NLP Architect by Intel® AI LAB

NLP Architect is an open-source Python library for exploring state-of-the-art deep learning topologies and techniques for natural language processing and natural language understanding. It is intended to be a platform for future research and collaboration.

Documentation

Framework documentation on NLP models, algorithms, and modules, and instructions on how to contribute can be found at our main documentation site.

Installation

Installing NLP Architect within a virtual environment to ensure a self-contained environment is recommended. To install NLP Architect within a new or already-existing virtual environment, or to install it system-wide, see the "Custom installations" section below.

Default installation (works with Python 3.n+ only)

To get started, clone our repository:

$ git clone https://github.com/NervanaSystems/nlp-architect.git
$ cd nlp-architect

Note that the setuptools package from a recent version of pip is needed to get the make command to build properly.

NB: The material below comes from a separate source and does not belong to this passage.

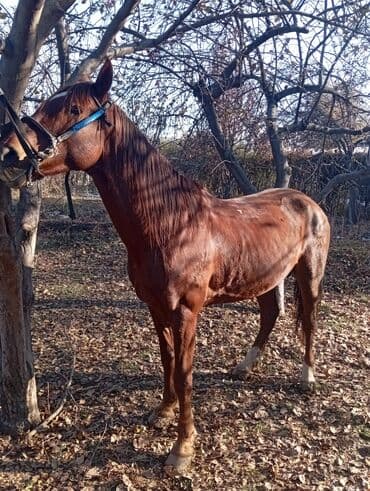 машинка для животных: Продаю | Конь (самец) | Конный спорт — 5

$ pip3 install -U setuptools

Install in development mode (default):

$ make

Activate the newly-created virtual environment:

$ . .nlp_architect_env/bin/activate

Fire up your favorite IDE/text editor/terminal and start running models.

Custom installations

Python 3 venv The default installation instructions create a venv named .nlp_architect_env. If this is not ideal for your needs, (for example, if you want to name it something else or use an already-existing virtual env), simply create or enter the local virtual environment you want to use, activate it, and install the library in development mode with:

$ (py3_venv) make install_no_virt_env

Note that setuptools from a recent version of pip is needed to get the make command to build properly.
System-wide install -- A system install might require sudo permissions:

$ make sysinstall

Note that all installations use CPU-based installations of Tensorflow/Dynet/Neon/nGraph. To install GPU supported binaries please refer to the framework's website for installation instructions.

NLP Architect overview

The current version of NLP Architect includes these features that we found interesting from both research perspectives and practical applications:

NLP core models and NLU modules that provide best in class performance: Intent Extraction (IE), Name Entity Recognition (NER), Word Chunker, Dependency parser (BIST)
Modules that address semantic understanding: co-locations, most common word sense, NP embedding representation (NP2Vec)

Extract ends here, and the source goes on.